• _TASK TO COMPLETE_
Retype the listing that follows, exactly as written.

*** Opening of INFORMATION SHOWN ***

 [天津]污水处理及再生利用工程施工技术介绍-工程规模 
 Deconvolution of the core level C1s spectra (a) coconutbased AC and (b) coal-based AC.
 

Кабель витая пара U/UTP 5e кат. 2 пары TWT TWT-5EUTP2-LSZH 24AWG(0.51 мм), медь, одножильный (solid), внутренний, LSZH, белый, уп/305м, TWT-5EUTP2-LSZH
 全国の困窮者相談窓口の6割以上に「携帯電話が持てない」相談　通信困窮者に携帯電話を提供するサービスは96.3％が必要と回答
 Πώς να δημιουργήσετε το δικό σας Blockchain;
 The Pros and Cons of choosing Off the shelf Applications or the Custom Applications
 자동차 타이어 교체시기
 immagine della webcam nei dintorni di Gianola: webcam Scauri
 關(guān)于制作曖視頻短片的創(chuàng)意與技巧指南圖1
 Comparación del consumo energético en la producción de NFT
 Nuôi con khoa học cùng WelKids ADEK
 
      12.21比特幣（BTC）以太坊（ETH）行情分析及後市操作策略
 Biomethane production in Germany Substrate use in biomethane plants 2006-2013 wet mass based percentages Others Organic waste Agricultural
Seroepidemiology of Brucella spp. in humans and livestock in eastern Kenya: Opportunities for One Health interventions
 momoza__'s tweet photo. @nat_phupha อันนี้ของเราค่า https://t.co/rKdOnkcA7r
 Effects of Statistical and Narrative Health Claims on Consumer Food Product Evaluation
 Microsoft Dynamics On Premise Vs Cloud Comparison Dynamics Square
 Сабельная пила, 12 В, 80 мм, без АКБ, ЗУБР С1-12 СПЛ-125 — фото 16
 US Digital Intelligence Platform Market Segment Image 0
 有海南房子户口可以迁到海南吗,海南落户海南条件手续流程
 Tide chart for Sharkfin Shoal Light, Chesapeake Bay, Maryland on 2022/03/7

*** Close of INFORMATION SHOWN ***

• _THE COMPLETED TASK_
 [天津]污水处理及再生利用工程施工技术介绍-工程规模 
 Deconvolution of the core level C1s spectra (a) coconutbased AC and (b) coal-based AC.
 

Кабель витая пара U/UTP 5e кат. 2 пары TWT TWT-5EUTP2-LSZH 24AWG(0.51 мм), медь, одножильный (solid), внутренний, LSZH, белый, уп/305м, TWT-5EUTP2-LSZH
 全国の困窮者相談窓口の6割以上に「携帯電話が持てない」相談　通信困窮者に携帯電話を提供するサービスは96.3％が必要と回答
 Πώς να δημιουργήσετε το δικό σας Blockchain;
 The Pros and Cons of choosing Off the shelf Applications or the Custom Applications
 자동차 타이어 교체시기
 immagine della webcam nei dintorni di Gianola: webcam Scauri
 關(guān)于制作曖視頻短片的創(chuàng)意與技巧指南圖1
 Comparación del consumo energético en la producción de NFT
 Nuôi con khoa học cùng WelKids ADEK
 
      12.21比特幣（BTC）以太坊（ETH）行情分析及後市操作策略
 Biomethane production in Germany Substrate use in biomethane plants 2006-2013 wet mass based percentages Others Organic waste Agricultural
Seroepidemiology of Brucella spp. in humans and livestock in eastern Kenya: Opportunities for One Health interventions
 momoza__'s tweet photo. @nat_phupha อันนี้ของเราค่า https://t.co/rKdOnkcA7r
 Effects of Statistical and Narrative Health Claims on Consumer Food Product Evaluation
 Microsoft Dynamics On Premise Vs Cloud Comparison Dynamics Square
 Сабельная пила, 12 В, 80 мм, без АКБ, ЗУБР С1-12 СПЛ-125 — фото 16
 US Digital Intelligence Platform Market Segment Image 0
 有海南房子户口可以迁到海南吗,海南落户海南条件手续流程
 Tide chart for Sharkfin Shoal Light, Chesapeake Bay, Maryland on 2022/03/7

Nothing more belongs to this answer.